PROBLEM STATEMENT: Please give the data below again in full, exactly as it stands.

DATASET:
···
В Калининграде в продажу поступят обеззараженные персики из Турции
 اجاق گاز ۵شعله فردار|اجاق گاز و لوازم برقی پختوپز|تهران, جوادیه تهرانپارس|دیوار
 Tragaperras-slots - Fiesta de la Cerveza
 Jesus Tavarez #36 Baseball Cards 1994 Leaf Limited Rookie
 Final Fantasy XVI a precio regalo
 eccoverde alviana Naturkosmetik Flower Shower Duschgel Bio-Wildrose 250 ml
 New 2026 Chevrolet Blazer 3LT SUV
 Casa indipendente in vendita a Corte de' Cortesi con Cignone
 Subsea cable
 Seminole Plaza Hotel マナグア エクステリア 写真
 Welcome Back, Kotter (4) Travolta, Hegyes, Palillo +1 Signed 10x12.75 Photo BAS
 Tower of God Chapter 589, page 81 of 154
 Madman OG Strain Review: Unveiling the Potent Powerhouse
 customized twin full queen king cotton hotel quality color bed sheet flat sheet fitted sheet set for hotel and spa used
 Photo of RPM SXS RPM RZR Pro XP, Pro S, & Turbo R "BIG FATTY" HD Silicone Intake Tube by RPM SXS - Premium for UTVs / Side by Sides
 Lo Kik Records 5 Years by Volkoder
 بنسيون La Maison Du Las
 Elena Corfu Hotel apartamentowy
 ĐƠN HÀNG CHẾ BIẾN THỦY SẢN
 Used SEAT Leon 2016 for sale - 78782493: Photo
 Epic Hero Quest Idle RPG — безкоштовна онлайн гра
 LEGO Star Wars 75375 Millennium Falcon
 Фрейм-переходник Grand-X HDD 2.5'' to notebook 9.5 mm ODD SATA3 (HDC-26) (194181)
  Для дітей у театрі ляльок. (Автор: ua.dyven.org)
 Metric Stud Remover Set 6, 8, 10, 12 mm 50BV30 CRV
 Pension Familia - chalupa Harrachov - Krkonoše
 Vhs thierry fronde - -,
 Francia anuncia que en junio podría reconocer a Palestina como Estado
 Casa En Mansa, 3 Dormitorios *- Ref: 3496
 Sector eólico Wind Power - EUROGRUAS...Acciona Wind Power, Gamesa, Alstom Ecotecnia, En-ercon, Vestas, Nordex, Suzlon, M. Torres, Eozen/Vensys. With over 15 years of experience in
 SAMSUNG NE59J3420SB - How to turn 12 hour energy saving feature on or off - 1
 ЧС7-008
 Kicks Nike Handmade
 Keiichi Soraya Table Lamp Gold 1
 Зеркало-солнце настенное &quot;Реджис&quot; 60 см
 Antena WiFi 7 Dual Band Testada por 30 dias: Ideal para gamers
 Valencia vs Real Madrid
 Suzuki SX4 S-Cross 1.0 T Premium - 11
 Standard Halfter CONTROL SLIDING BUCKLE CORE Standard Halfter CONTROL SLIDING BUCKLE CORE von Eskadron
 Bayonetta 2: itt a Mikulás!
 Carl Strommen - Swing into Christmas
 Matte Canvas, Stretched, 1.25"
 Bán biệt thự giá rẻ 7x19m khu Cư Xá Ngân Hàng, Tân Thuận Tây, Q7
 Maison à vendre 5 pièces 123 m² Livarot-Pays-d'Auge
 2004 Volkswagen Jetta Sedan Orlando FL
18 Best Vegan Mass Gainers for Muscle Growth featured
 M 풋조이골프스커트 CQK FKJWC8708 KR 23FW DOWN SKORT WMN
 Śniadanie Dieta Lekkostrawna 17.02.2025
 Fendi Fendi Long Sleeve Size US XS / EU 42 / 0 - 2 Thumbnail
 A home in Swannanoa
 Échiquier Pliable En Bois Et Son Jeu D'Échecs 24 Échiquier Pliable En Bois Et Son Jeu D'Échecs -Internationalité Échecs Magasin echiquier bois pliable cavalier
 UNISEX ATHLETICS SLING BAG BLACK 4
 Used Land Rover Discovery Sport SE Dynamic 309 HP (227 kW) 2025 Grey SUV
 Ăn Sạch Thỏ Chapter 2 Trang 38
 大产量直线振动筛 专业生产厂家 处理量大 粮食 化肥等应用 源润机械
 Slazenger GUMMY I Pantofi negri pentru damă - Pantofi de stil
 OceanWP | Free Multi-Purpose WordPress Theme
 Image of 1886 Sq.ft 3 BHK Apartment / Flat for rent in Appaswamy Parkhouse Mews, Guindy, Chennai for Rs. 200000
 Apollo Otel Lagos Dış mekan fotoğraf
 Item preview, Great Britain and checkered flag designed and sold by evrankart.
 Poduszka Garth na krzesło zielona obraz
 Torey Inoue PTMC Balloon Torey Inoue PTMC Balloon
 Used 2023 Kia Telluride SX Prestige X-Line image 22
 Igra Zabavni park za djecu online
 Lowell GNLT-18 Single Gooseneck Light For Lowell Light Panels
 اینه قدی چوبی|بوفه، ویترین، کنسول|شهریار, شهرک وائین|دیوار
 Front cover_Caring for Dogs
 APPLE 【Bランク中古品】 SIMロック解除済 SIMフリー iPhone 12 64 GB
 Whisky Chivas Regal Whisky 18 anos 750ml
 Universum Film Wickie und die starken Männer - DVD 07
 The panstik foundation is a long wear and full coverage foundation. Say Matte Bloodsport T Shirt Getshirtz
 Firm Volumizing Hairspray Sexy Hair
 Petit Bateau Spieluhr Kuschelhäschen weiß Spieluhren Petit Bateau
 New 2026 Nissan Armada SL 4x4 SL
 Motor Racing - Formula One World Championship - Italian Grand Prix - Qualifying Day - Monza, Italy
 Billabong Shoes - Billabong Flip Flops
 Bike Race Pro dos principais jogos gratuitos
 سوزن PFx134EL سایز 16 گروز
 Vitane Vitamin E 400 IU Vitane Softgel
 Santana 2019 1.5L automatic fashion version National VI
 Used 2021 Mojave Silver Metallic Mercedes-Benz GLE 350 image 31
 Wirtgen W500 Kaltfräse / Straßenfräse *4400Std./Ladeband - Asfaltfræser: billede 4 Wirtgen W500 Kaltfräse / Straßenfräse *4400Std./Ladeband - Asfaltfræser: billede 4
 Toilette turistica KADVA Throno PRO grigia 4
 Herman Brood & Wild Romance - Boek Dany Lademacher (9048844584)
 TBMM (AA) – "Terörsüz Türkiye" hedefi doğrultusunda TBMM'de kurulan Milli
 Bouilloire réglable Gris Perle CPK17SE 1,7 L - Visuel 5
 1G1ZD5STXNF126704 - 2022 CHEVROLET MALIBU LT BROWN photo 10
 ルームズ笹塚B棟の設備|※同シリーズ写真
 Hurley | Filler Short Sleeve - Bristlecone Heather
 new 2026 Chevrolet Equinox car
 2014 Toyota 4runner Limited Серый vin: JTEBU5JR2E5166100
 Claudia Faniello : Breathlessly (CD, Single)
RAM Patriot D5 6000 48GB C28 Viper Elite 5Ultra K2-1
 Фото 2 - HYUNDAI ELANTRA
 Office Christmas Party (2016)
···
SOLUTION FOR THIS TASK:
В Калининграде в продажу поступят обеззараженные персики из Турции
 اجاق گاز ۵شعله فردار|اجاق گاز و لوازم برقی پختوپز|تهران, جوادیه تهرانپارس|دیوار
 Tragaperras-slots - Fiesta de la Cerveza
 Jesus Tavarez #36 Baseball Cards 1994 Leaf Limited Rookie
 Final Fantasy XVI a precio regalo
 eccoverde alviana Naturkosmetik Flower Shower Duschgel Bio-Wildrose 250 ml
 New 2026 Chevrolet Blazer 3LT SUV
 Casa indipendente in vendita a Corte de' Cortesi con Cignone
 Subsea cable
 Seminole Plaza Hotel マナグア エクステリア 写真
 Welcome Back, Kotter (4) Travolta, Hegyes, Palillo +1 Signed 10x12.75 Photo BAS
 Tower of God Chapter 589, page 81 of 154
 Madman OG Strain Review: Unveiling the Potent Powerhouse
 customized twin full queen king cotton hotel quality color bed sheet flat sheet fitted sheet set for hotel and spa used
 Photo of RPM SXS RPM RZR Pro XP, Pro S, & Turbo R "BIG FATTY" HD Silicone Intake Tube by RPM SXS - Premium for UTVs / Side by Sides
 Lo Kik Records 5 Years by Volkoder
 بنسيون La Maison Du Las
 Elena Corfu Hotel apartamentowy
 ĐƠN HÀNG CHẾ BIẾN THỦY SẢN
 Used SEAT Leon 2016 for sale - 78782493: Photo
 Epic Hero Quest Idle RPG — безкоштовна онлайн гра
 LEGO Star Wars 75375 Millennium Falcon
 Фрейм-переходник Grand-X HDD 2.5'' to notebook 9.5 mm ODD SATA3 (HDC-26) (194181)
  Для дітей у театрі ляльок. (Автор: ua.dyven.org)
 Metric Stud Remover Set 6, 8, 10, 12 mm 50BV30 CRV
 Pension Familia - chalupa Harrachov - Krkonoše
 Vhs thierry fronde - -,
 Francia anuncia que en junio podría reconocer a Palestina como Estado
 Casa En Mansa, 3 Dormitorios *- Ref: 3496
 Sector eólico Wind Power - EUROGRUAS...Acciona Wind Power, Gamesa, Alstom Ecotecnia, En-ercon, Vestas, Nordex, Suzlon, M. Torres, Eozen/Vensys. With over 15 years of experience in
 SAMSUNG NE59J3420SB - How to turn 12 hour energy saving feature on or off - 1
 ЧС7-008
 Kicks Nike Handmade
 Keiichi Soraya Table Lamp Gold 1
 Зеркало-солнце настенное &quot;Реджис&quot; 60 см
 Antena WiFi 7 Dual Band Testada por 30 dias: Ideal para gamers
 Valencia vs Real Madrid
 Suzuki SX4 S-Cross 1.0 T Premium - 11
 Standard Halfter CONTROL SLIDING BUCKLE CORE Standard Halfter CONTROL SLIDING BUCKLE CORE von Eskadron
 Bayonetta 2: itt a Mikulás!
 Carl Strommen - Swing into Christmas
 Matte Canvas, Stretched, 1.25"
 Bán biệt thự giá rẻ 7x19m khu Cư Xá Ngân Hàng, Tân Thuận Tây, Q7
 Maison à vendre 5 pièces 123 m² Livarot-Pays-d'Auge
 2004 Volkswagen Jetta Sedan Orlando FL
18 Best Vegan Mass Gainers for Muscle Growth featured
 M 풋조이골프스커트 CQK FKJWC8708 KR 23FW DOWN SKORT WMN
 Śniadanie Dieta Lekkostrawna 17.02.2025
 Fendi Fendi Long Sleeve Size US XS / EU 42 / 0 - 2 Thumbnail
 A home in Swannanoa
 Échiquier Pliable En Bois Et Son Jeu D'Échecs 24 Échiquier Pliable En Bois Et Son Jeu D'Échecs -Internationalité Échecs Magasin echiquier bois pliable cavalier
 UNISEX ATHLETICS SLING BAG BLACK 4
 Used Land Rover Discovery Sport SE Dynamic 309 HP (227 kW) 2025 Grey SUV
 Ăn Sạch Thỏ Chapter 2 Trang 38
 大产量直线振动筛 专业生产厂家 处理量大 粮食 化肥等应用 源润机械
 Slazenger GUMMY I Pantofi negri pentru damă - Pantofi de stil
 OceanWP | Free Multi-Purpose WordPress Theme
 Image of 1886 Sq.ft 3 BHK Apartment / Flat for rent in Appaswamy Parkhouse Mews, Guindy, Chennai for Rs. 200000
 Apollo Otel Lagos Dış mekan fotoğraf
 Item preview, Great Britain and checkered flag designed and sold by evrankart.
 Poduszka Garth na krzesło zielona obraz
 Torey Inoue PTMC Balloon Torey Inoue PTMC Balloon
 Used 2023 Kia Telluride SX Prestige X-Line image 22
 Igra Zabavni park za djecu online
 Lowell GNLT-18 Single Gooseneck Light For Lowell Light Panels
 اینه قدی چوبی|بوفه، ویترین، کنسول|شهریار, شهرک وائین|دیوار
 Front cover_Caring for Dogs
 APPLE 【Bランク中古品】 SIMロック解除済 SIMフリー iPhone 12 64 GB
 Whisky Chivas Regal Whisky 18 anos 750ml
 Universum Film Wickie und die starken Männer - DVD 07
 The panstik foundation is a long wear and full coverage foundation. Say Matte Bloodsport T Shirt Getshirtz
 Firm Volumizing Hairspray Sexy Hair
 Petit Bateau Spieluhr Kuschelhäschen weiß Spieluhren Petit Bateau
 New 2026 Nissan Armada SL 4x4 SL
 Motor Racing - Formula One World Championship - Italian Grand Prix - Qualifying Day - Monza, Italy
 Billabong Shoes - Billabong Flip Flops
 Bike Race Pro dos principais jogos gratuitos
 سوزن PFx134EL سایز 16 گروز
 Vitane Vitamin E 400 IU Vitane Softgel
 Santana 2019 1.5L automatic fashion version National VI
 Used 2021 Mojave Silver Metallic Mercedes-Benz GLE 350 image 31
 Wirtgen W500 Kaltfräse / Straßenfräse *4400Std./Ladeband - Asfaltfræser: billede 4 Wirtgen W500 Kaltfräse / Straßenfräse *4400Std./Ladeband - Asfaltfræser: billede 4
 Toilette turistica KADVA Throno PRO grigia 4
 Herman Brood & Wild Romance - Boek Dany Lademacher (9048844584)
 TBMM (AA) – "Terörsüz Türkiye" hedefi doğrultusunda TBMM'de kurulan Milli
 Bouilloire réglable Gris Perle CPK17SE 1,7 L - Visuel 5
 1G1ZD5STXNF126704 - 2022 CHEVROLET MALIBU LT BROWN photo 10
 ルームズ笹塚B棟の設備|※同シリーズ写真
 Hurley | Filler Short Sleeve - Bristlecone Heather
 new 2026 Chevrolet Equinox car
 2014 Toyota 4runner Limited Серый vin: JTEBU5JR2E5166100
 Claudia Faniello : Breathlessly (CD, Single)
RAM Patriot D5 6000 48GB C28 Viper Elite 5Ultra K2-1
 Фото 2 - HYUNDAI ELANTRA
 Office Christmas Party (2016)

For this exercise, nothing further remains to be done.